Annotation sources‐Ensembl - bcb420-2024/Krutika_Joshi GitHub Wiki

Annotation source: Ensembl

1. What sort of data is it? What sort of information does it offer us?

  • Ensemble is an open source gene annotation tool that focuses more on the protein-coding and non-coding genes, splice variants, cDNA, protein sequences, and non-coding RNAs. In addition to gene function and expression, Ensembl annotations contain data about gene regulation, variant effects, and phylogenetic relationships. Ensembl annotation works similarly to the GO categorization where the databases provide annotations on biological processes, molecular functions, and cellular components of genes.

2. When and where was it published? Was it published?

  • Yes, Ensembl was published. Ensembl was published in 1999 in the European Molecular Biology Laboratory's European Bioinformatics Institute which is located in United Kingdom.

3. Is this annotation set updated regularly or is it a static source?

  • Yes, the overall annotation is updated after about every 3 months. Sometimes the releases take longer depending on the update taking place. The updates can include new genomic data, updated annotations, bug fixes, and new features. However, updates to individual species are irregular, as the information is added based on on the availability of new evidence and assemblies. The most recent updated was published on January 5, 2024.

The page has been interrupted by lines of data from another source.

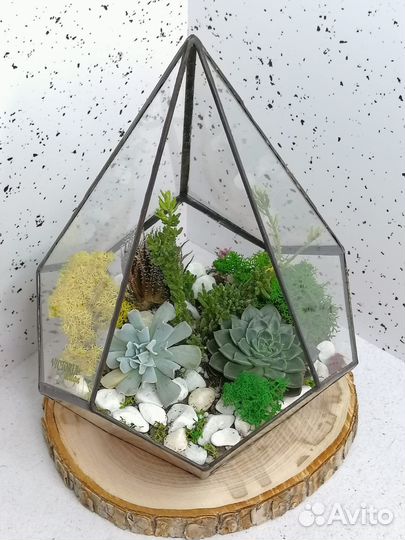 Флорариум - стильный подарок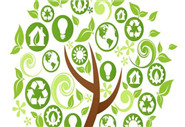 多參數(shù)水質(zhì)分析儀招標(biāo)參數(shù)是什么？有什么要求？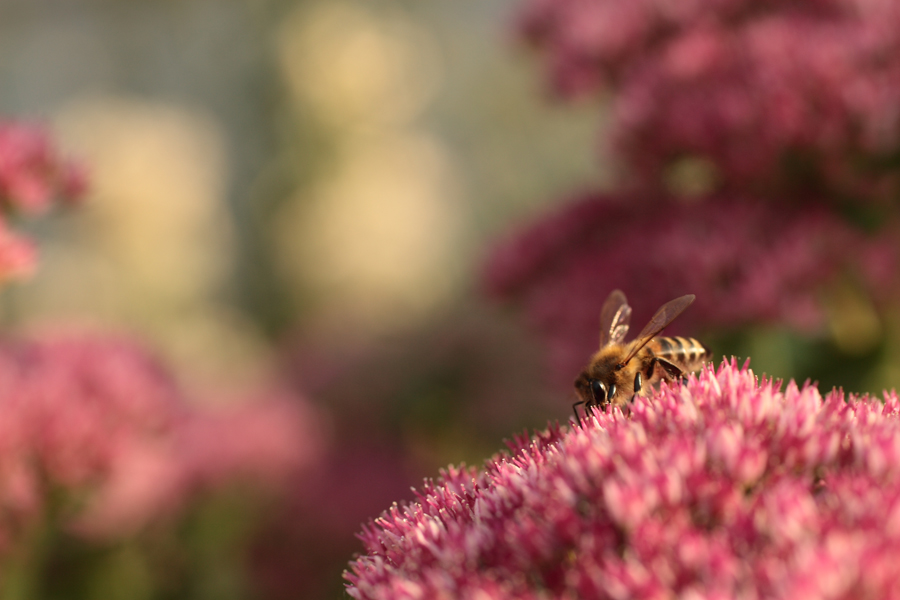 und wieder über die Biene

4. Where can I find this data? (link to the download web address or ftp site or publication where it can be found)

  • The data can be found directly on their website. Depending on which research is being completed, there are different websites under Ensembl that can be used. For example, BioMart can be used for custom dataset exports or BLAST/BLAT for sequence research.

5. How is the data formatted and released? Does it exist in some sort of standard file format?

  • There are many formats supported by Ensembl but the most common ones are FASTA, GFF/GTF, VCF and BED formats.

6. What identifiers are associated with these annotations?

  • Ensembl has its own identifiers called Ensembl IDs. Regardless of the study of interest(i.e gene, transcript or protein), each have a unique Ensembl ID. On another note, Ensembl gives the users the option to cross-references identifiers from other databases.